Bem diferente, de Adão e Eva que disseram não ao projecto de Deus foi a Virgem Maria que ante o desafio de Deus se coloca como a “serva do Senhor”, como podemos constatar no episódio evangélico deste dia. Ante o pecado, a infelicidade e o sofrimento do mundo Deus só pode dizer “façamos redenção” (Santo Inácio). Contudo, para redimir o mundo Deus tem de encarnar e para encarnar necessita do sim de Maria. O relato da anunciação demonstra que Deus necessita da criatura para fazer-se Emanuel, Deus connosco. 

O evangelho deste dia é o relato da vocação de Maria. O arcanjo Gabriel visita Maria trazendo-lhe uma proposta de Deus: ser a mãe do Messias prometido e esperado. Ante tal proposta, a resposta de Maria, apesar de começar com uma aparente objecção, termina com a disponibilidade total: “Eis a escrava do Senhor; faça-se em mim segundo a tua palavra”. Maria reconhece a sua pequenez mas também reconhece que Deus a escolheu e a chamou para uma missão especial e, ao contrário de Adão e Eva, diz sim aos planos de Deus e desse sim surge a vida e salvação para toda a humanidade. “Segundo o testemunho de Lucas, a maternidade de Maria implicou um acto livre de fé, mais decisivo para a história pública da salvação do que a fé de Abraão ou a Aliança do Sinai … A jovem de Nazaré abriu caminho à salvação de todos por um acto de desprendimento pessoal: uma resposta arriscada, mas livre e graciosa, ao apelo de Deus para ser Mãe do Salvador. A resposta nasceu de um chamamento, cuja radicalidade e liberdade plena, no caso especial de Maria, a fé cristã assinala, fazendo-as remontar ao primeiro momento da sua existência, o momento da sua Conceição Imaculada”. (Nota Pastoral dos Bispos Portugueses).

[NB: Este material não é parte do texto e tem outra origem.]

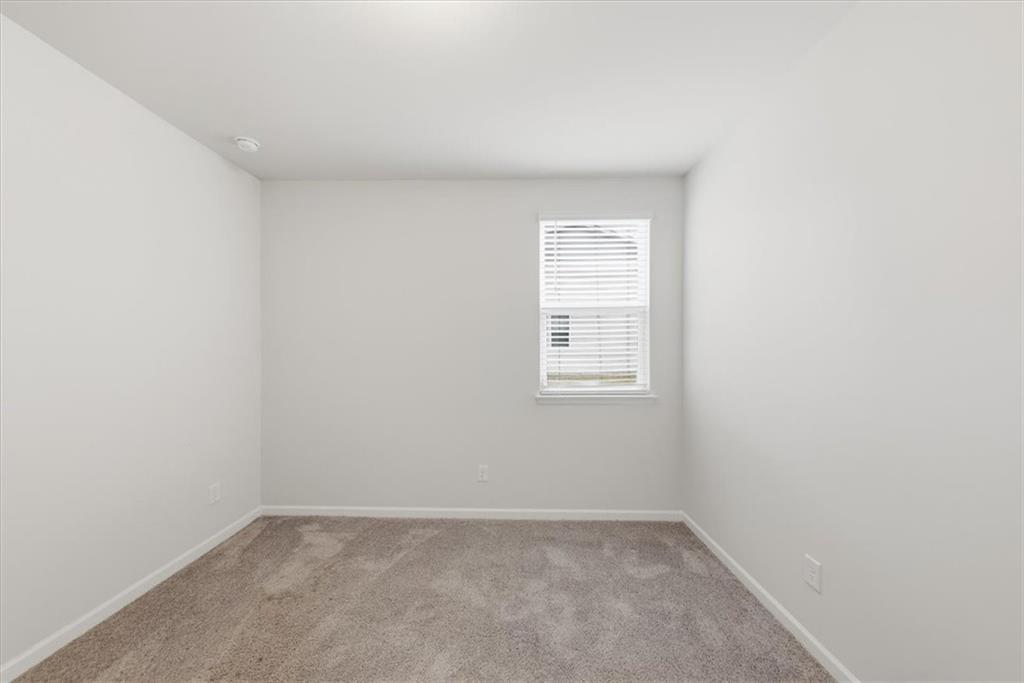 61 Rushing View Glen Dallas, GA 30157 - Photo 9 of 54 an empty room with windows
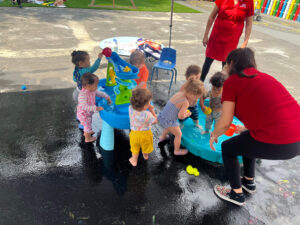 Toddlers playing outside during a fun water activity at daycare.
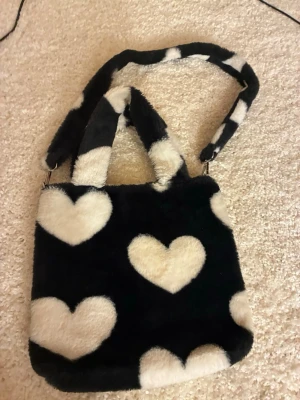 Fluffig svart handväska med hjärtan - Säljer en fluffig svart handväska med vita hjärtan i fuskpäls. Väskan har två handtag och en avtagbar axelrem i samma mönster. Invändigt finns ett fack med dragkedja. Perfekt för dig som gillar gulliga accessoarer och vill sticka ut.
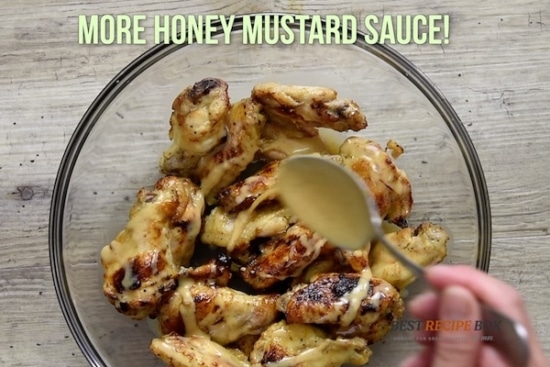 Cooked chicken wings in bowl with more sauce being poured over with a spoon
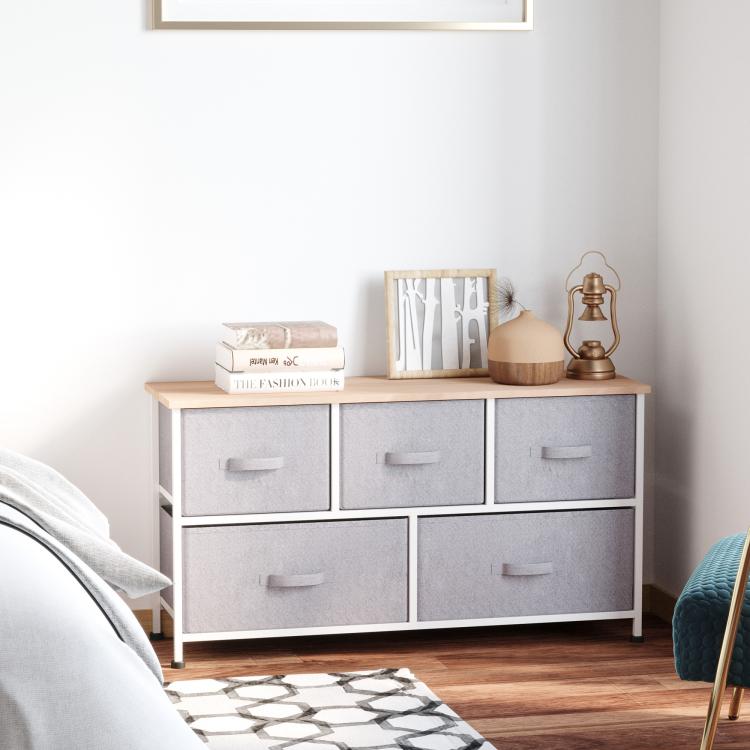 Light gray storage dresser with 5 fabric drawers and wood top, white frame.
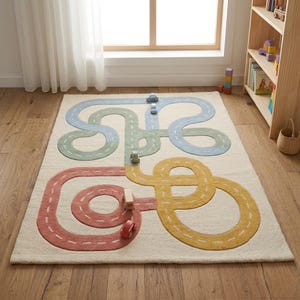 Puede incluir: Una alfombra rectangular de color blanquecino con un diseño de carreteras coloridas. Las carreteras son de color rojo, amarillo, verde y azul. Pequeños coches de juguete están colocados sobre la alfombra, realzando el tema lúdico. La alfombra está en una habitación con una ventana y una estantería de madera.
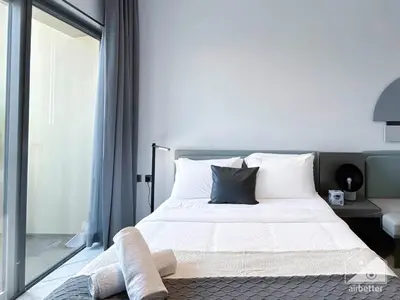 a bedroom with a bed with white sheets and pillows at Modern Meydan Studio with Private Balcony in Dubai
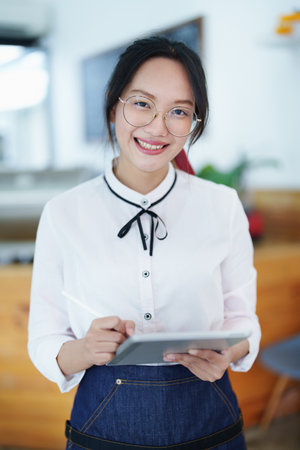 Starting and opening a small business, a young Asian woman showing a smiling face holding a tablet in an apron standing in front of a coffee shop bar counter. Business Owner, Restaurant, Cafe concept.の写真素材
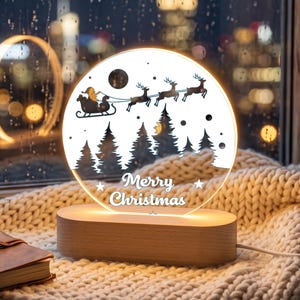 May include: A circular acrylic night light with a wooden base featuring a black silhouette of Santa Claus in a sleigh pulled by three reindeer flying over a forest of pine trees. The text Merry Christmas is printed in white in the center.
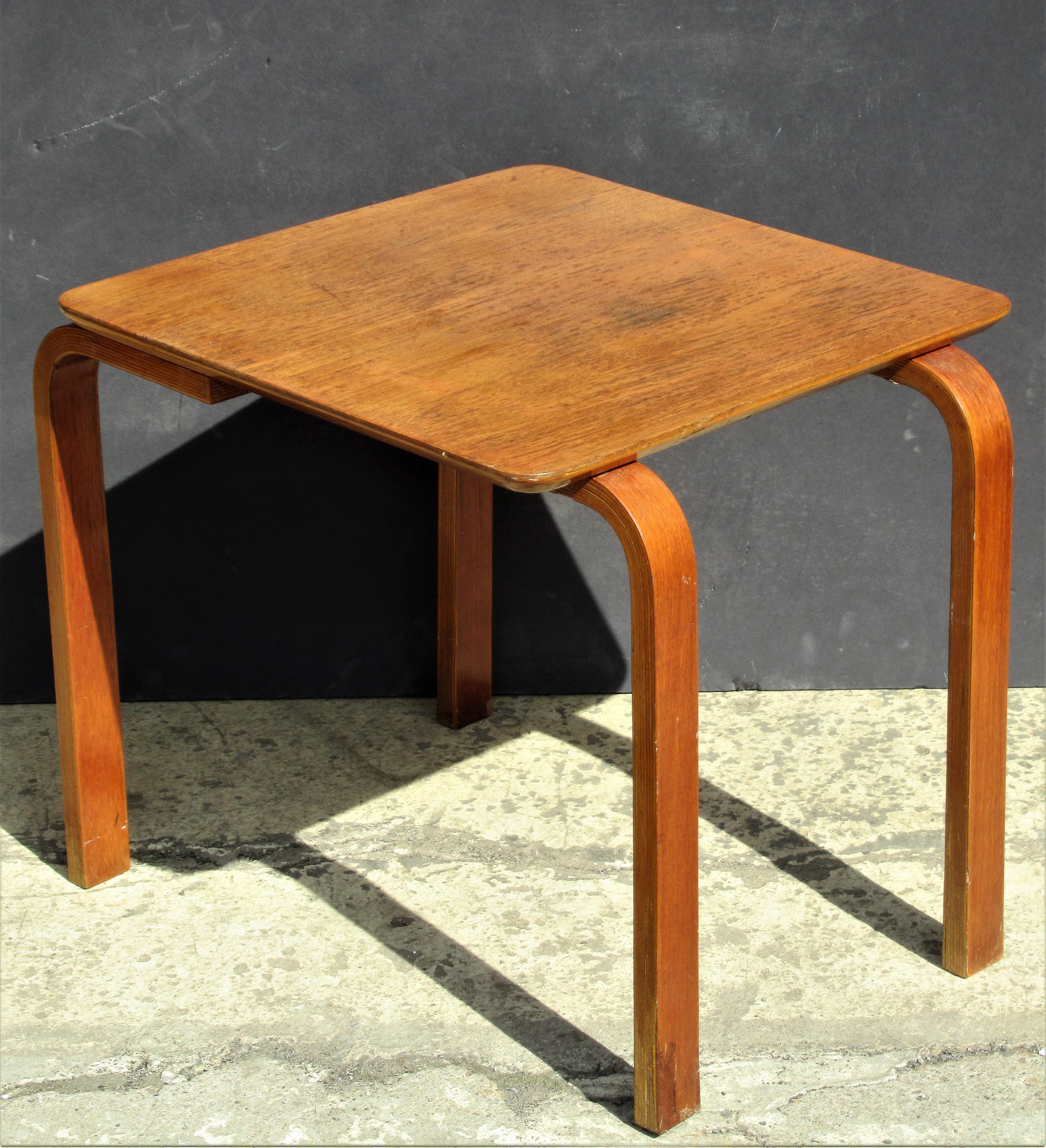 ln the style of early Alvar Aalto for Finmar an unusual bent stack laminated plywood and teak veneer occasional side table in all original aged condition with no restorations. Stamped branded on underside in by all legs and center - Made in Denmark.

A Solenidade da Imaculada Conceição da Virgem Santa Maria deve levar-nos a fazer um sério exame de consciência sobre a resposta que estamos a dar ao projecto de Deus. Estou a colaborar para que a visita salvadora de Deus seja uma realidade na minha vida e nas minhas relações ou estou a colocar entraves e objecções ao projecto de Deus? A fé e o amor de Maria Imaculada foram o terreno onde floresceu a surpresa e a salvação de Deus. Juntamente com Maria, renovemos neste dia a nossa disponibilidade para colaborarmos com o projecto salvífico de Deus, sabendo que isto não é só obra humana mas acima de tudo acção da graça divina em nós. A vela que hoje devemos acender é a vela da disponibilidade e da docilidade aos planos de Deus. Só assim é que faremos verdadeira caminhada de Advento. Só assim preparamos a vinda do Senhor.